BECAS
BAIOCCHI MarÍa Lis
congresos y reuniones científicas
Título:
The Patriarchal State and its Limits: On Domestic Workers' Experiences with Equal Labor Rights in Buenos Aires, Argentina
Autor/es:
BAIOCCHI, MARÍA LIS
Lugar:
San José
Reunión:
Congreso; 117th American Anthropological Association Annual Meeting: Change in the Anthropological Imagination; 2018
Institución organizadora:
American Anthropological Association
Resumen:
In 2013, the Argentine state promulgated Law 26844, a landmark legislation that ended more than half a century of de jure discrimination against domestic workers and of de facto discrimination against women, given that 98.5% of domestic workers in Argentina are women (Gorbán 2012). In this way, Argentina advanced toward undoing the infamous legacy of second-class citizenship status women have held throughout Argentina´s history (Giordano 2013). This paper examines ethnographically how the legal reconfiguration of domestic workers from "servants" with almost no labor rights to "workers" with full labor rights translates into the daily lives of domestic workers in Buenos Aires.

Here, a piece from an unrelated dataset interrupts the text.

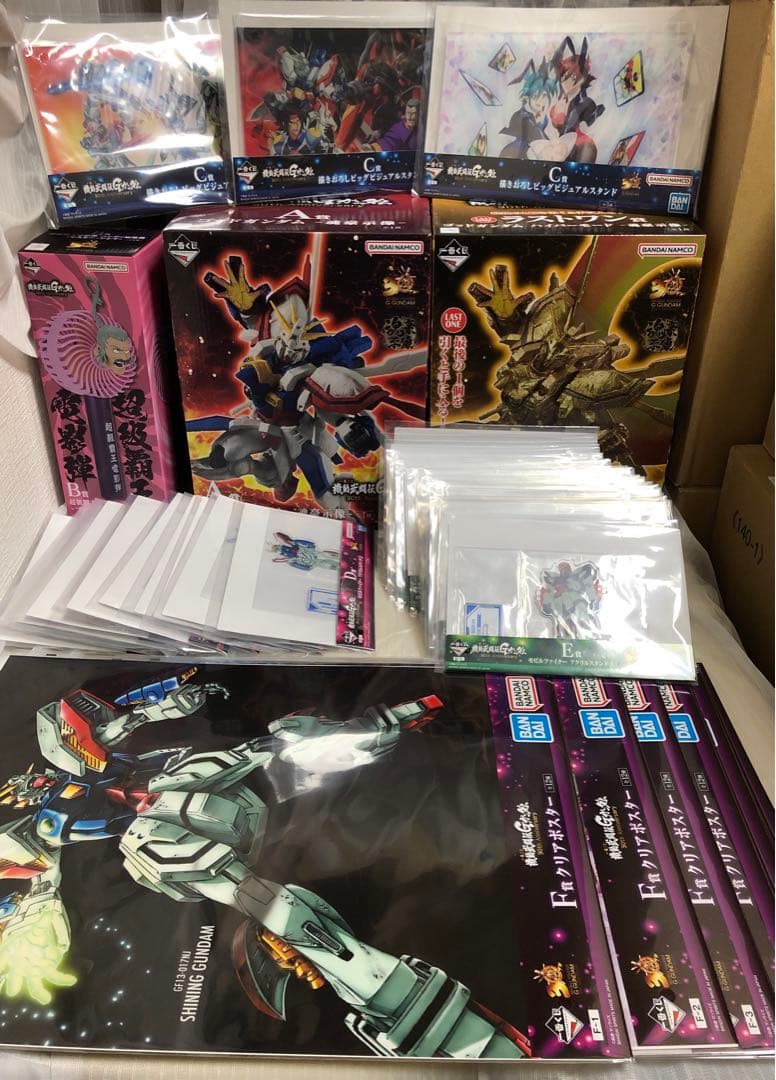 一番くじ 機動武闘伝Gガンダム 全53種フルコンプ ラストワン賞 A賞 E賞他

I draw from the experiences of care-takers, cooks, and cleaners who were acutely familiar with the new legislative framework--from formal education on Law 26844 and from personal experience having worked under formal employment contracts as stipulated by Law 26844. I suggest that despite the egalitarian aspirations of a legislation that, in the words of former President of Argentina Cristina Fernandez de Kirchner, is "equalizing of rights," significant contradictions remain in the state´s attempt to remedy the foundational gendered exclusions the state generated--through the historical division between the public, androcentric sphere of politics and work and the private, feminine, a-political sphere of family. Domestic workers´ experiences with the Argentine state´s attempt to render the private sphere a sphere of work make manifest the ways in which the modern, capitalist state remains a heteropatriarchal institution (MacKinnon 1989; Pateman 1988) limited in its capacity to fully recognize women as political subjects.